The Republican trio’s pork barrel projects were among the more than 7,500 others in the bill, worth in excess of $16 billion. Earmarks are federal tax dollars requested by individual senators and representatives to be included in larger spending bills for projects in their home states or districts.
Tea Party majority Republicans in the House banned earmarks in 2011 in the wake of controversy prompted in 2005 by Sen. Tom Coburn’s (R-Okla.) disclosure of the $223 million earmark to build two bridges to an island with 50 residents in Southeast Alaska. Senate Republicans followed suit in 2014. Coburn, a pediatrician who died in 2020, famously became known as “Dr. No” among Senate colleagues as a result of his opposition to earmarks.
But earmarks returned to Congress when a majority of congressional Republicans voted with Democrats in 2021 to restore them, but with a new name, “congressionally-directed spending.”
Another Republican, Sen. Lisa Murkowski of Alaska, ranked third with $489.6 million as Republicans dominated the top 10. Sixth was Rep. Randy Weber of Texas with $287.5 million, while Sen. Lindsay Graham of South Carolina was seventh with $262.1 million, Sen. Bill Cassidy of Louisiana was ninth with $204.7 million and Sen. Susan Collins of Maine was 10th with $200 millions.
Hawaii’s two Democratic senators—Brian Schatz and Mazie Hirono—shared fourth place in the top 10 with $421.6 million, while the retiring Sen. Patrick Leahy (D-Vt.) was eighth overall with $212.5 million.
Despite the dominance of Senate GOPers in the top 10 earmarkers in the 2022 spending bill, Democrats in Congress received more overall in earmarks at $9.1 billion than Republicans, who collectively got $6.4 billion. Another $476 million was jointly requested by members of both parties.
Among the 7,506 earmarks were $1 million to build a splash pad in Center Line, Michigan, $2.5 million for landscaping road medians in La Mirada, California, $3.6 million for the second phase of the Michelle Obama Trail in Atlanta, Georgia, $4 million to renovate a Dallas, Texas, theatre, and $7 million for constructing a new National Korean Museum in Los Angeles.
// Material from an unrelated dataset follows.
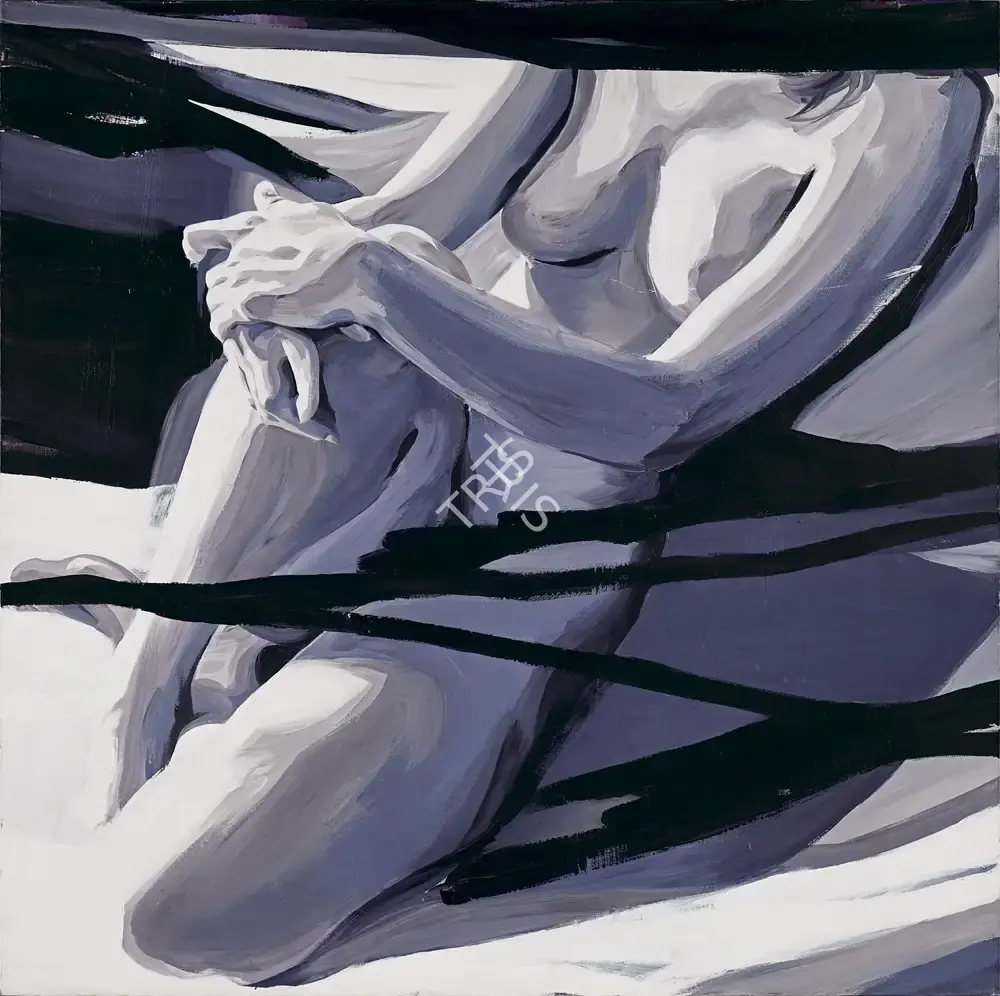 Anu Agarwal (Artist), Coda, 2007, Painting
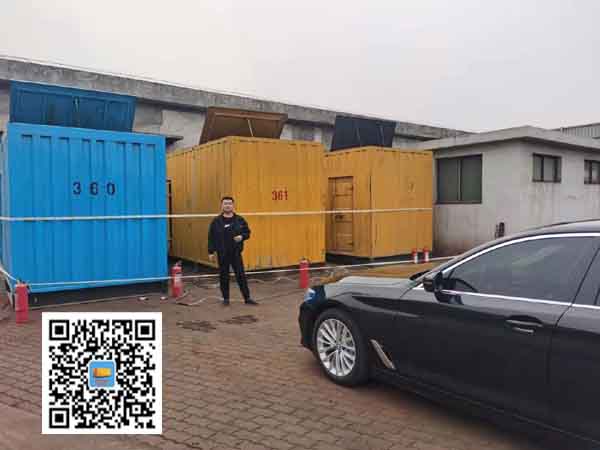 桥头镇柴油发电机组的维护保养方案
While earmark advocates often defend the practice as a way individual congressmen can ensure needed federal funding for worthwhile infrastructure projects isn’t blocked by anonymous executive branch bureaucrats, Open the Books identified only $1.6 billion in earmarks for roads, bridges, and highway construction and repairs.
Hundreds of millions of federal tax dollars went to already well-funded private institutions, including $3 million to the Ivy League Columbia University, which has a $13.3 billion endowment, $3.5 million to the Field Museum in Chicago, which has $600 million in assets, and $1 million to the New York Botanical Gardens, almost as much as that facility’s chief executive officer (CEO) is paid, $1.4 million, according to Open the Books.
The retiring senators used significant portions of their earmarks to benefit universities, with Shelby and Leahy, for example, sending $50 million and $30 million respectively to the University of Alabama and the University of Vermont. The funds are for locating their Senate archives on the campuses.
Similarly, Blunt earmarked $61 million to the University of Missouri, which has a $2.2 billion endowment and named a campus facility after him the year before. Blunt also earmarked $30 million to his alma mater, Missouri State University, to renovate the school’s Science Hall, which is named after him.
Another retiring congressman, Rep. Jim Cooper (D-Tenn.), had 10 earmarks worth $17.9 million, including $4 million to the Fisk University John R. Lewis Center for Social Justice—Race Relations Building, and $2.5 million to the Moves & Grooves Center for Art & Innovation. Cooper did not seek re-election in 2022. Nearly $3 million of the total went to projects in Nashville where Cooper’s brother, John, is Mayor.